Ironisnya, meskipun Hamas menderita kerugian dengan kehilangan beberapa komandan dan para pejuang dan sebagian besar wilayah Gaza yang sekali lagi menjadi puing-puing, Operation Protective Edge Israel mungkin telah memperbaiki posisi politik Hamas sementara melemahkan posisi politik Netanyahu.

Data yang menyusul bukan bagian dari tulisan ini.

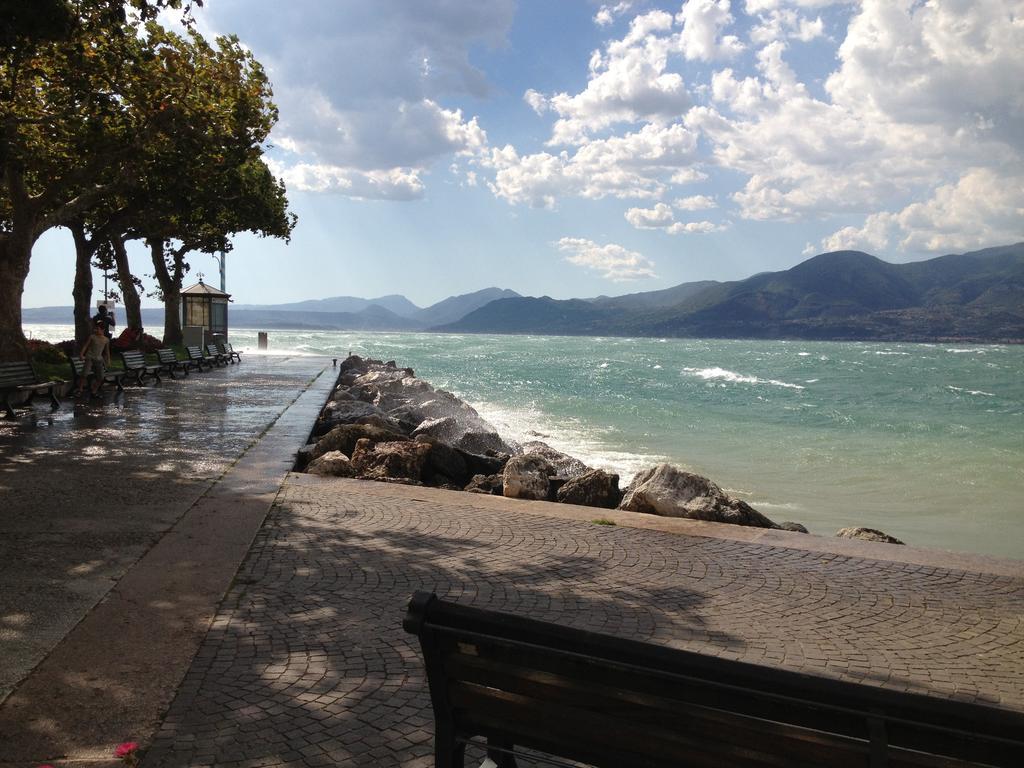 Lido Torri Del Benaco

Sebelum terjadinya pertempuran, Hamas telah melemah secara politik karena penggulingan sekutunya di Mesir,
Presiden Mohamed Morsi, dalam kudeta musim panas lalu, dan mengakibatkan kesulitan keuangan yang dialami Gaza dari kebijakan Presiden Sisi hingga memaksa gerakan itu untuk menerima syarat yang tidak menguntungkan untuk melakukan rekonsiliasi dengan Presiden Otoritas Palestina, Mahmoud Abbas – terutama dipulihkannya peran Otoritas Palestina di Gaza dan kembalinya pasukan keamanannya, yang ditolak oleh para pejuang Hamas pada tahun 2007, untuk mengoperasikan penyeberangan ke wilayah itu. Perang tujuh minggu ini telah menjadikan Hamas pusat perhatian politik Palestina sehingga dapat mengartikulasikan tuntutan utama atas pengepungan yang mendapat dukungan bahkan dari para lawan Hamas.
Membiarkan Abbas berperan dalam negosiasi gencatan senjata
meskipun tidak ambil bagian dalam konflik Gaza juga membantu
mengembalikan keberuntungan politik Hamas.
Perang Gaza tidak hanya memaksa Netanyahu untuk
bernegosiasi dengan kelompok-kelompok yang hanya beberapa hari yang lalu
ia cap sama dengan ISIS, hal ini secara efektif mengakhiri upaya
Israel untuk menuntut Abbas agar meninggalkan perjanjian rekonsiliasi
Palestina antara partai Fatah dengan Hamas. Kesepakatan gencatan senjata
ini memperkuat Hamas dan Jihad Islam dalam posisi utama pemerintahan
Palestina dan sebagai negosiator dengan Israel.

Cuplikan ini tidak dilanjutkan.